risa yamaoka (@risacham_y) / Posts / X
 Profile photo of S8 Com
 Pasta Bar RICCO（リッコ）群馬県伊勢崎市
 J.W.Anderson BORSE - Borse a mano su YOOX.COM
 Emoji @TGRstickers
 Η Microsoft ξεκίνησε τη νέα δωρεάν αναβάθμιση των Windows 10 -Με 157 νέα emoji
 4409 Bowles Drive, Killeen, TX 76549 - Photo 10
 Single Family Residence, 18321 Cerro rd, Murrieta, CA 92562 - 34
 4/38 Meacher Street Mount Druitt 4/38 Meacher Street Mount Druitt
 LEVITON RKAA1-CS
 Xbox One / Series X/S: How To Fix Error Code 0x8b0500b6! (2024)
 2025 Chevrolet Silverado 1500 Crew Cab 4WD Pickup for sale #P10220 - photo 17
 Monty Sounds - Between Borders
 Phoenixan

══════════

◆ **Task directions**
Write out, exactly as they appear, the lines from the one containing "Η Microsoft ξεκίνησε" through the last line of the records above, both included, and nothing more.

◆ **Answer for this exercise**
 Η Microsoft ξεκίνησε τη νέα δωρεάν αναβάθμιση των Windows 10 -Με 157 νέα emoji
 4409 Bowles Drive, Killeen, TX 76549 - Photo 10
 Single Family Residence, 18321 Cerro rd, Murrieta, CA 92562 - 34
 4/38 Meacher Street Mount Druitt 4/38 Meacher Street Mount Druitt
 LEVITON RKAA1-CS
 Xbox One / Series X/S: How To Fix Error Code 0x8b0500b6! (2024)
 2025 Chevrolet Silverado 1500 Crew Cab 4WD Pickup for sale #P10220 - photo 17
 Monty Sounds - Between Borders
 Phoenixan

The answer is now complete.